- _Problem statement_
Pictures should be left out when the listing below is repeated word for word.

- _Recorded data_

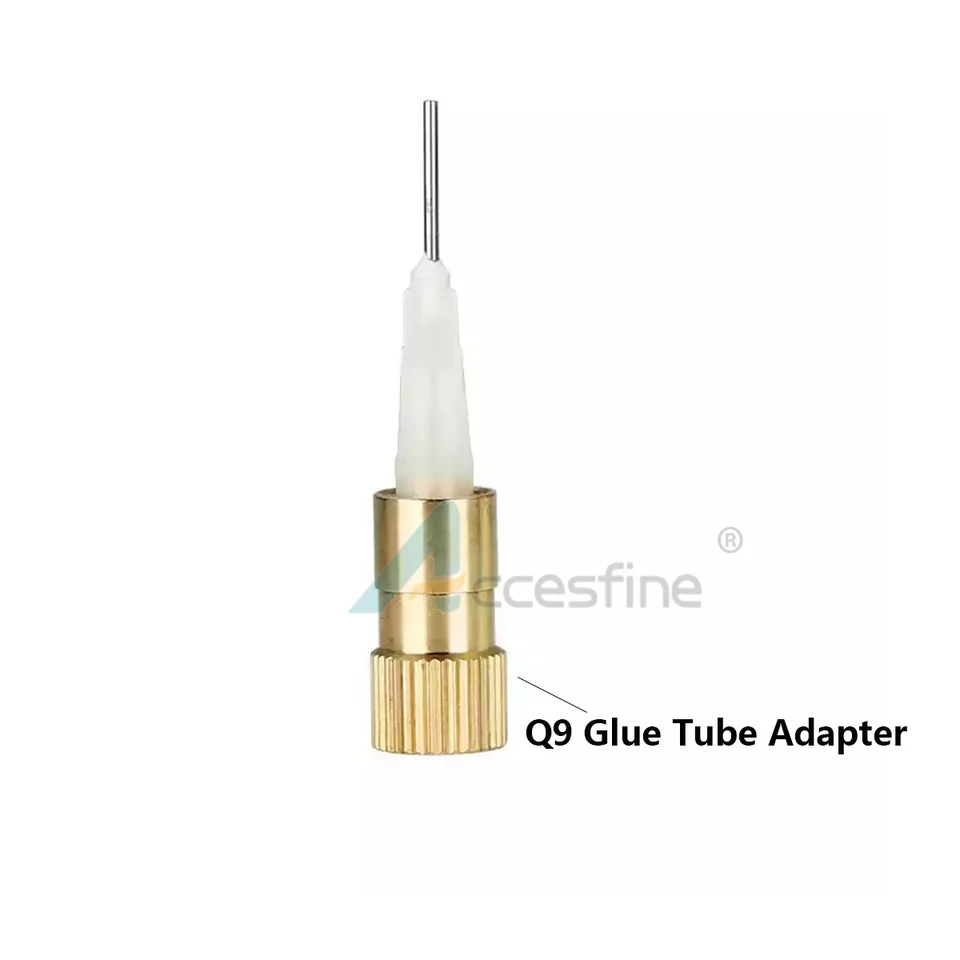 Adaptador de tubo de pegamento y aguja T1 T2 para dispensador de pegamento de pasta de soldadura, alcohol, herramientas de reparación de gotas 2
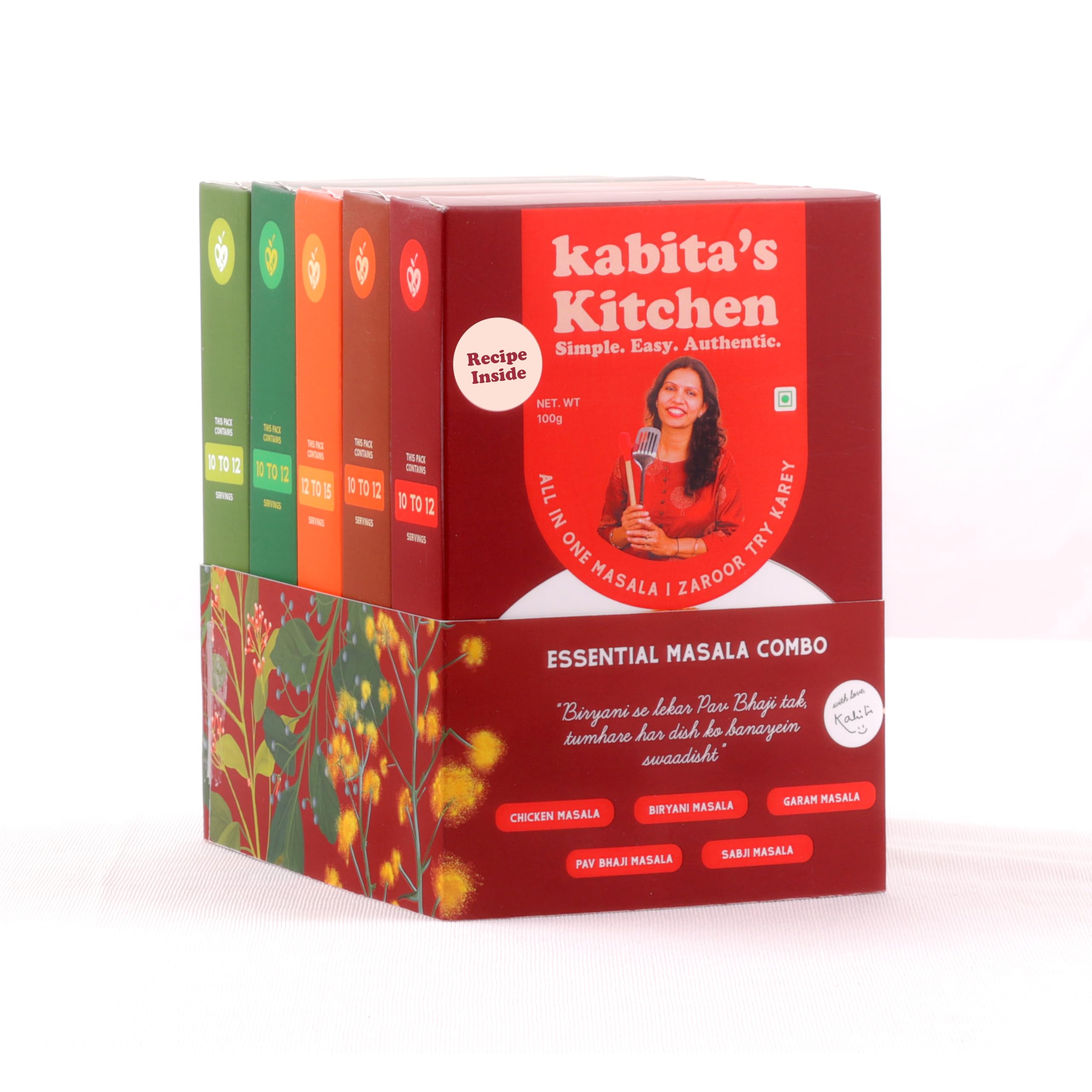 See full amazon price history chart for Kabita’s Kitchen Pack of 5 - Chicken Masala, Biryani Masala, Garam Masala, Pav Bhaji Masala, Sabji Masala | Essential Masala Combo | Authentic Spices | Premium Instant Masalas | No-Preservatives No-Colour Kabita’s Kitchen Pack of 5 - Chicken Masala, Biryani Masala, Garam Masala, Pav Bhaji Masala, Sabji Masala | Essential Masala Combo | Authentic Spices | Premium Instant Masalas | No-Preservatives No-Colour (B0CXQ5JHDK) Amazon Price History, Amazon Price Tracker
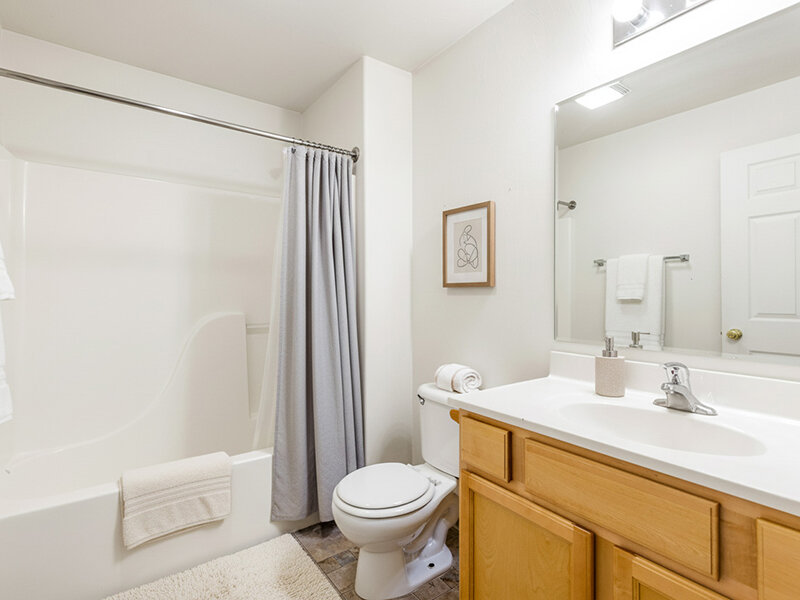Bathroom with Shower and Mirror | Kagy Village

- _Result for this exercise_
 Adaptador de tubo de pegamento y aguja T1 T2 para dispensador de pegamento de pasta de soldadura, alcohol, herramientas de reparación de gotas 2
 See full amazon price history chart for Kabita’s Kitchen Pack of 5 - Chicken Masala, Biryani Masala, Garam Masala, Pav Bhaji Masala, Sabji Masala | Essential Masala Combo | Authentic Spices | Premium Instant Masalas | No-Preservatives No-Colour Kabita’s Kitchen Pack of 5 - Chicken Masala, Biryani Masala, Garam Masala, Pav Bhaji Masala, Sabji Masala | Essential Masala Combo | Authentic Spices | Premium Instant Masalas | No-Preservatives No-Colour (B0CXQ5JHDK) Amazon Price History, Amazon Price Tracker
Bathroom with Shower and Mirror | Kagy Village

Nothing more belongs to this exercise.